# [Exercise requirements]
Set down every entry once more, exactly as it appears.
====== Source records ======
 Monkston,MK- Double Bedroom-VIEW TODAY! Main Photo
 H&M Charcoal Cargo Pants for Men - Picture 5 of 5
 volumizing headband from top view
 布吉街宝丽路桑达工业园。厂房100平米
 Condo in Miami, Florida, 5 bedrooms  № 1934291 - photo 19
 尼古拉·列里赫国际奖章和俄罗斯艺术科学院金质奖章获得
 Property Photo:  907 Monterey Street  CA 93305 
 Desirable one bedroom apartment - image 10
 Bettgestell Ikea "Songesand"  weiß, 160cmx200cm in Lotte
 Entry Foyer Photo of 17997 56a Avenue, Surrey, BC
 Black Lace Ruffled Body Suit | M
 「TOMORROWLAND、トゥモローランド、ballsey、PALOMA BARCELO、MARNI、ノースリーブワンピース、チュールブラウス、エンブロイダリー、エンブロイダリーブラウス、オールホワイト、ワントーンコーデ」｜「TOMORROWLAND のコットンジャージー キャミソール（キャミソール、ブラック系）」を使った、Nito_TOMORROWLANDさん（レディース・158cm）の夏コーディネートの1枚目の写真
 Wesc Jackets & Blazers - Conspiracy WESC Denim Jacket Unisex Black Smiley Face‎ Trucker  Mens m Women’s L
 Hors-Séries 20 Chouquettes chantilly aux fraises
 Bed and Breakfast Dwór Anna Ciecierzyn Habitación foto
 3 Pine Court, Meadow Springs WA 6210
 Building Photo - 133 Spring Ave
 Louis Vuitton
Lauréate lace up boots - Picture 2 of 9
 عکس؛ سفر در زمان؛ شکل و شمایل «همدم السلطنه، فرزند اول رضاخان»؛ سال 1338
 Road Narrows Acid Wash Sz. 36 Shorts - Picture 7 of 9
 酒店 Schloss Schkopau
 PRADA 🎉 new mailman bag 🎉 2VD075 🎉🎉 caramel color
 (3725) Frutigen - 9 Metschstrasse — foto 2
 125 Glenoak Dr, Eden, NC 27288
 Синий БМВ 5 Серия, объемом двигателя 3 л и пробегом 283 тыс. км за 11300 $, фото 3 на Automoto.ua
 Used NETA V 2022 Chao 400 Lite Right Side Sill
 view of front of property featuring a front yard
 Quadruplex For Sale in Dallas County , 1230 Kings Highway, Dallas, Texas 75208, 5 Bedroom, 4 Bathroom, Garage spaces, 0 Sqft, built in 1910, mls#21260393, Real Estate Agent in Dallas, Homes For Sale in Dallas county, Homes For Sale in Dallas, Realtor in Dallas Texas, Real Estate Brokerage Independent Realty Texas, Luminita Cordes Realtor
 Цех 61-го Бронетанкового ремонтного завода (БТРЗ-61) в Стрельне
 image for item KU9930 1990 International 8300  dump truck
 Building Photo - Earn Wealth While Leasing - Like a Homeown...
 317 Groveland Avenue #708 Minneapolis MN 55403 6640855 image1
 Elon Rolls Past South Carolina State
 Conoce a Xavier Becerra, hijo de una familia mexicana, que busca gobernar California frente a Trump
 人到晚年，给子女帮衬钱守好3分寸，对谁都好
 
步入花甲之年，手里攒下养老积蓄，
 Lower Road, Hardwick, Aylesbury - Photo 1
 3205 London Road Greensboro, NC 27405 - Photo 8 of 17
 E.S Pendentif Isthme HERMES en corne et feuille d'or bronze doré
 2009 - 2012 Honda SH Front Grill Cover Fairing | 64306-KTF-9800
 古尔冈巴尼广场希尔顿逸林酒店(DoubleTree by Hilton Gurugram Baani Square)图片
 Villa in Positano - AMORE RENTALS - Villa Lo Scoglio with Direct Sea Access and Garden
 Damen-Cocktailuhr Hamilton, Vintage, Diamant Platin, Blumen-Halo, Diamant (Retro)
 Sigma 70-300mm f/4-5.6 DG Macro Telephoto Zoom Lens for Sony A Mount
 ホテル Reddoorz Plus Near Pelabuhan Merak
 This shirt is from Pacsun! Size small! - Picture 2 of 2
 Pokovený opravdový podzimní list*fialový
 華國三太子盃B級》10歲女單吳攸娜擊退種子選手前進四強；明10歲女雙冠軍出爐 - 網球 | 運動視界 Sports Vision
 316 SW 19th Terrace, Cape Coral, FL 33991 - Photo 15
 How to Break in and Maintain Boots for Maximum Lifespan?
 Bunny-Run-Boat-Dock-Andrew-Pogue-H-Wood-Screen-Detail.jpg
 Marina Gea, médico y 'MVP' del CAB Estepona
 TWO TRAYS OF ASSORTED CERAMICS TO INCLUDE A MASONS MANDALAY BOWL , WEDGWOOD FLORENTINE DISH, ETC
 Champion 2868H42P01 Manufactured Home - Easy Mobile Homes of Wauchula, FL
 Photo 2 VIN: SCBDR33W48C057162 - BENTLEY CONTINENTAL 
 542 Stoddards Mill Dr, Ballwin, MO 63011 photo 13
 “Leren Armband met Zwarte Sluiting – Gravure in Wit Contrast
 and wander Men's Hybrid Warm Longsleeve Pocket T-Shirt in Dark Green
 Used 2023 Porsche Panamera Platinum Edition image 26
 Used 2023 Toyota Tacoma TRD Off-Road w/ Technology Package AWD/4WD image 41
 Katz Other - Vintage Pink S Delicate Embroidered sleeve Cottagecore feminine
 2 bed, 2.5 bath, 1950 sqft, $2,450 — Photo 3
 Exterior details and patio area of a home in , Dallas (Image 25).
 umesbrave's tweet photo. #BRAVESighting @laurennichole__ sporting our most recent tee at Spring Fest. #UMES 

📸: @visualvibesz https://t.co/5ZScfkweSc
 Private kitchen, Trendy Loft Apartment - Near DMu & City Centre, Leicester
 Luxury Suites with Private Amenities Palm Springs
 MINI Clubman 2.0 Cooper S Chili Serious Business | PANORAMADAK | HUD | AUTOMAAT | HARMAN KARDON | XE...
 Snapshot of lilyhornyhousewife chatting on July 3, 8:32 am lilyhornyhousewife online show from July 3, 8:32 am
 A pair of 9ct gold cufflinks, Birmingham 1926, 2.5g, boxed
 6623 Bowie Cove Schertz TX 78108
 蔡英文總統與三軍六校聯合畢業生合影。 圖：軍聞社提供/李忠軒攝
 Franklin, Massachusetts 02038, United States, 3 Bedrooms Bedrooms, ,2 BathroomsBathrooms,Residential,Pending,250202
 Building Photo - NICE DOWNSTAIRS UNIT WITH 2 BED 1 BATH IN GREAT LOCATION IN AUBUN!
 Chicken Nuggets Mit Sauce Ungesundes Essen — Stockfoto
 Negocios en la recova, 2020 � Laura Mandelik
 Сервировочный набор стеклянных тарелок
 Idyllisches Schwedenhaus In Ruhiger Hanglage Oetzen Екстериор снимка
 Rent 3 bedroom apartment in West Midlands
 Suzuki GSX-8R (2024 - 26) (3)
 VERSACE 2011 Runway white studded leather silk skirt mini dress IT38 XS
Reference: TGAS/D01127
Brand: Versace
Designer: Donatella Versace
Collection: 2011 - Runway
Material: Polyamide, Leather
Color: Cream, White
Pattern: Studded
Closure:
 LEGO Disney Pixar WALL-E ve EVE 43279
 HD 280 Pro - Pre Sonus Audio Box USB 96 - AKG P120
======
# [Response below]
 Monkston,MK- Double Bedroom-VIEW TODAY! Main Photo
 H&M Charcoal Cargo Pants for Men - Picture 5 of 5
 volumizing headband from top view
 布吉街宝丽路桑达工业园。厂房100平米
 Condo in Miami, Florida, 5 bedrooms  № 1934291 - photo 19
 尼古拉·列里赫国际奖章和俄罗斯艺术科学院金质奖章获得
 Property Photo:  907 Monterey Street  CA 93305 
 Desirable one bedroom apartment - image 10
 Bettgestell Ikea "Songesand"  weiß, 160cmx200cm in Lotte
 Entry Foyer Photo of 17997 56a Avenue, Surrey, BC
 Black Lace Ruffled Body Suit | M
 「TOMORROWLAND、トゥモローランド、ballsey、PALOMA BARCELO、MARNI、ノースリーブワンピース、チュールブラウス、エンブロイダリー、エンブロイダリーブラウス、オールホワイト、ワントーンコーデ」｜「TOMORROWLAND のコットンジャージー キャミソール（キャミソール、ブラック系）」を使った、Nito_TOMORROWLANDさん（レディース・158cm）の夏コーディネートの1枚目の写真
 Wesc Jackets & Blazers - Conspiracy WESC Denim Jacket Unisex Black Smiley Face‎ Trucker  Mens m Women’s L
 Hors-Séries 20 Chouquettes chantilly aux fraises
 Bed and Breakfast Dwór Anna Ciecierzyn Habitación foto
 3 Pine Court, Meadow Springs WA 6210
 Building Photo - 133 Spring Ave
 Louis Vuitton
Lauréate lace up boots - Picture 2 of 9
 عکس؛ سفر در زمان؛ شکل و شمایل «همدم السلطنه، فرزند اول رضاخان»؛ سال 1338
 Road Narrows Acid Wash Sz. 36 Shorts - Picture 7 of 9
 酒店 Schloss Schkopau
 PRADA 🎉 new mailman bag 🎉 2VD075 🎉🎉 caramel color
 (3725) Frutigen - 9 Metschstrasse — foto 2
 125 Glenoak Dr, Eden, NC 27288
 Синий БМВ 5 Серия, объемом двигателя 3 л и пробегом 283 тыс. км за 11300 $, фото 3 на Automoto.ua
 Used NETA V 2022 Chao 400 Lite Right Side Sill
 view of front of property featuring a front yard
 Quadruplex For Sale in Dallas County , 1230 Kings Highway, Dallas, Texas 75208, 5 Bedroom, 4 Bathroom, Garage spaces, 0 Sqft, built in 1910, mls#21260393, Real Estate Agent in Dallas, Homes For Sale in Dallas county, Homes For Sale in Dallas, Realtor in Dallas Texas, Real Estate Brokerage Independent Realty Texas, Luminita Cordes Realtor
 Цех 61-го Бронетанкового ремонтного завода (БТРЗ-61) в Стрельне
 image for item KU9930 1990 International 8300  dump truck
 Building Photo - Earn Wealth While Leasing - Like a Homeown...
 317 Groveland Avenue #708 Minneapolis MN 55403 6640855 image1
 Elon Rolls Past South Carolina State
 Conoce a Xavier Becerra, hijo de una familia mexicana, que busca gobernar California frente a Trump
 人到晚年，给子女帮衬钱守好3分寸，对谁都好
 
步入花甲之年，手里攒下养老积蓄，
 Lower Road, Hardwick, Aylesbury - Photo 1
 3205 London Road Greensboro, NC 27405 - Photo 8 of 17
 E.S Pendentif Isthme HERMES en corne et feuille d'or bronze doré
 2009 - 2012 Honda SH Front Grill Cover Fairing | 64306-KTF-9800
 古尔冈巴尼广场希尔顿逸林酒店(DoubleTree by Hilton Gurugram Baani Square)图片
 Villa in Positano - AMORE RENTALS - Villa Lo Scoglio with Direct Sea Access and Garden
 Damen-Cocktailuhr Hamilton, Vintage, Diamant Platin, Blumen-Halo, Diamant (Retro)
 Sigma 70-300mm f/4-5.6 DG Macro Telephoto Zoom Lens for Sony A Mount
 ホテル Reddoorz Plus Near Pelabuhan Merak
 This shirt is from Pacsun! Size small! - Picture 2 of 2
 Pokovený opravdový podzimní list*fialový
 華國三太子盃B級》10歲女單吳攸娜擊退種子選手前進四強；明10歲女雙冠軍出爐 - 網球 | 運動視界 Sports Vision
 316 SW 19th Terrace, Cape Coral, FL 33991 - Photo 15
 How to Break in and Maintain Boots for Maximum Lifespan?
 Bunny-Run-Boat-Dock-Andrew-Pogue-H-Wood-Screen-Detail.jpg
 Marina Gea, médico y 'MVP' del CAB Estepona
 TWO TRAYS OF ASSORTED CERAMICS TO INCLUDE A MASONS MANDALAY BOWL , WEDGWOOD FLORENTINE DISH, ETC
 Champion 2868H42P01 Manufactured Home - Easy Mobile Homes of Wauchula, FL
 Photo 2 VIN: SCBDR33W48C057162 - BENTLEY CONTINENTAL 
 542 Stoddards Mill Dr, Ballwin, MO 63011 photo 13
 “Leren Armband met Zwarte Sluiting – Gravure in Wit Contrast
 and wander Men's Hybrid Warm Longsleeve Pocket T-Shirt in Dark Green
 Used 2023 Porsche Panamera Platinum Edition image 26
 Used 2023 Toyota Tacoma TRD Off-Road w/ Technology Package AWD/4WD image 41
 Katz Other - Vintage Pink S Delicate Embroidered sleeve Cottagecore feminine
 2 bed, 2.5 bath, 1950 sqft, $2,450 — Photo 3
 Exterior details and patio area of a home in , Dallas (Image 25).
 umesbrave's tweet photo. #BRAVESighting @laurennichole__ sporting our most recent tee at Spring Fest. #UMES 

📸: @visualvibesz https://t.co/5ZScfkweSc
 Private kitchen, Trendy Loft Apartment - Near DMu & City Centre, Leicester
 Luxury Suites with Private Amenities Palm Springs
 MINI Clubman 2.0 Cooper S Chili Serious Business | PANORAMADAK | HUD | AUTOMAAT | HARMAN KARDON | XE...
 Snapshot of lilyhornyhousewife chatting on July 3, 8:32 am lilyhornyhousewife online show from July 3, 8:32 am
 A pair of 9ct gold cufflinks, Birmingham 1926, 2.5g, boxed
 6623 Bowie Cove Schertz TX 78108
 蔡英文總統與三軍六校聯合畢業生合影。 圖：軍聞社提供/李忠軒攝
 Franklin, Massachusetts 02038, United States, 3 Bedrooms Bedrooms, ,2 BathroomsBathrooms,Residential,Pending,250202
 Building Photo - NICE DOWNSTAIRS UNIT WITH 2 BED 1 BATH IN GREAT LOCATION IN AUBUN!
 Chicken Nuggets Mit Sauce Ungesundes Essen — Stockfoto
 Negocios en la recova, 2020 � Laura Mandelik
 Сервировочный набор стеклянных тарелок
 Idyllisches Schwedenhaus In Ruhiger Hanglage Oetzen Екстериор снимка
 Rent 3 bedroom apartment in West Midlands
 Suzuki GSX-8R (2024 - 26) (3)
 VERSACE 2011 Runway white studded leather silk skirt mini dress IT38 XS
Reference: TGAS/D01127
Brand: Versace
Designer: Donatella Versace
Collection: 2011 - Runway
Material: Polyamide, Leather
Color: Cream, White
Pattern: Studded
Closure:
 LEGO Disney Pixar WALL-E ve EVE 43279
 HD 280 Pro - Pre Sonus Audio Box USB 96 - AKG P120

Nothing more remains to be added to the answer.